* _What is expected_: The reply must contain exactly the lines below from the one with "Влаговпитывающая дорожка Арте" down to the one with "Kansas City Football T-Shirt", both included, and nothing more; please omit the pictures.

* _Data for this exercise_:
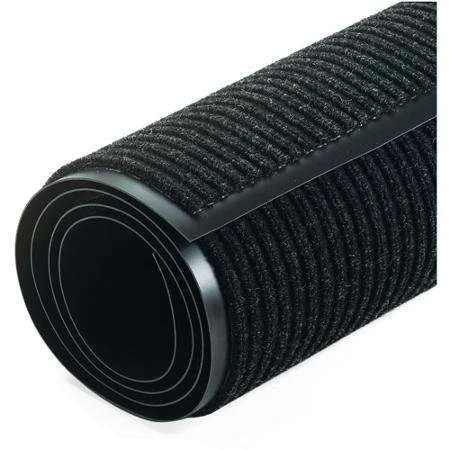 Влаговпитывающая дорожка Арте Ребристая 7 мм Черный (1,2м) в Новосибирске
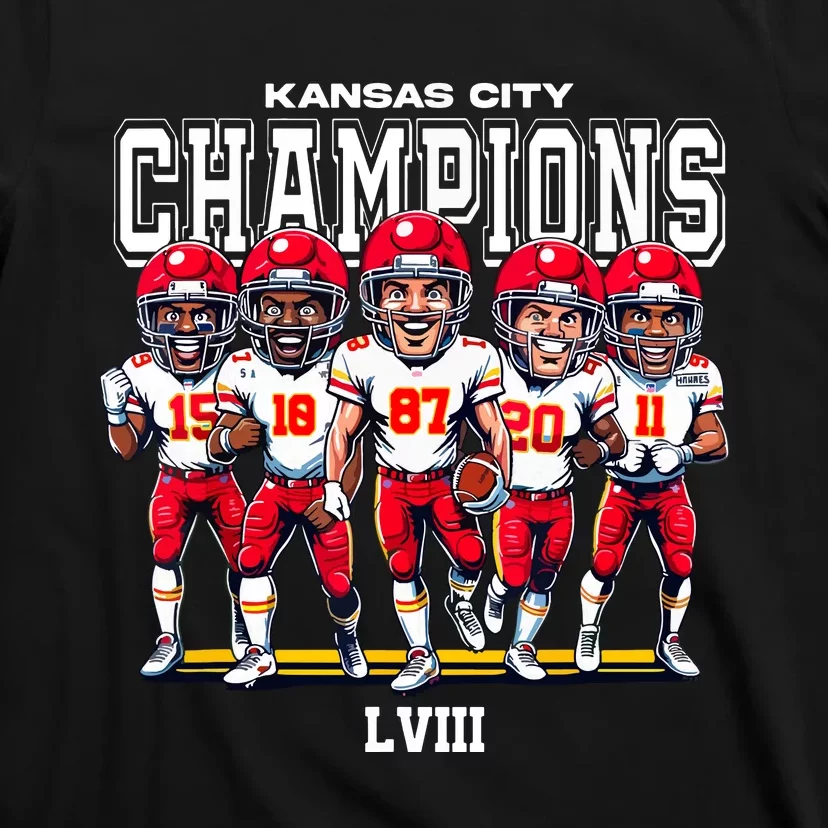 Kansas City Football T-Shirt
* * *
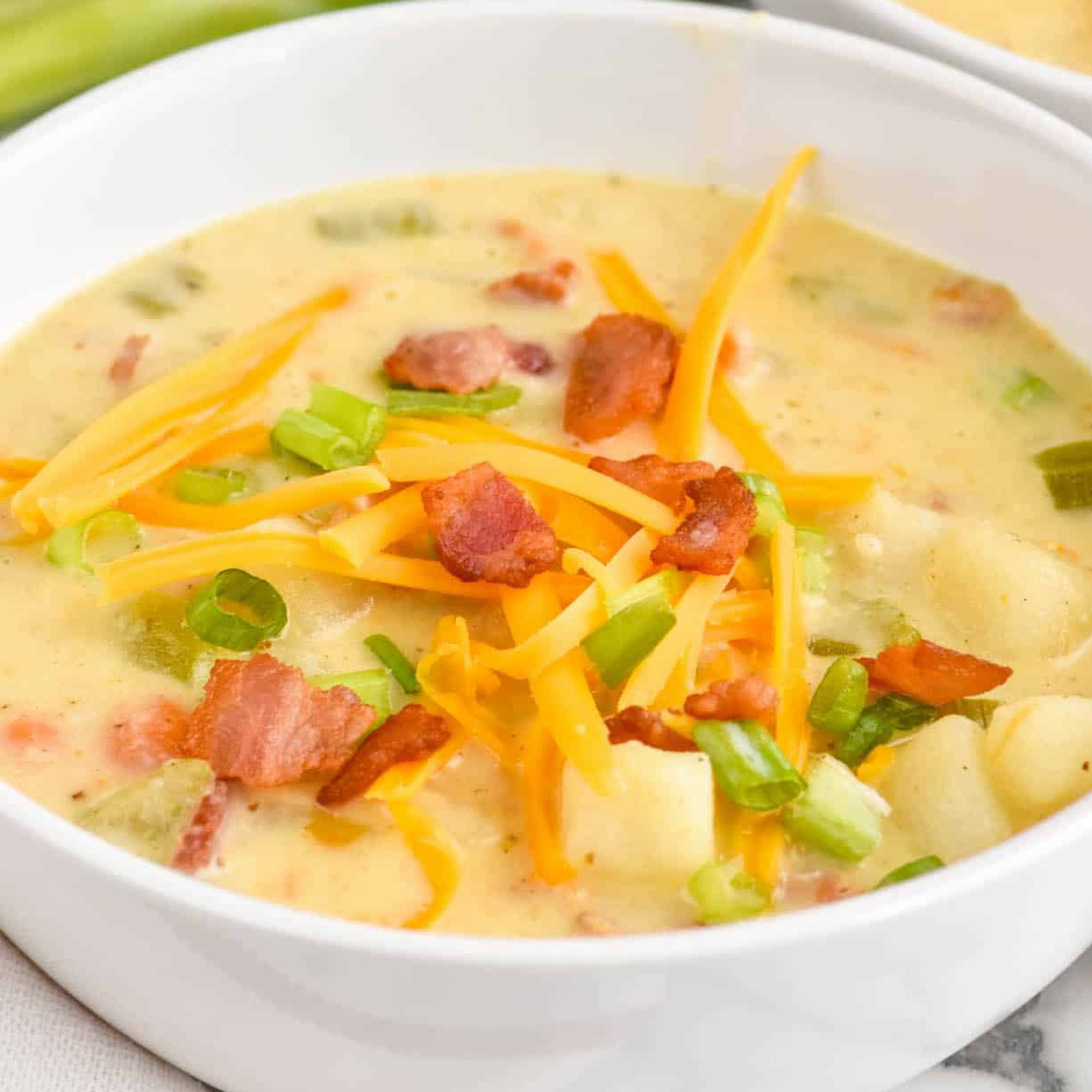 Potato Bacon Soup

* _Solution to this task_:
 Влаговпитывающая дорожка Арте Ребристая 7 мм Черный (1,2м) в Новосибирске
 Kansas City Football T-Shirt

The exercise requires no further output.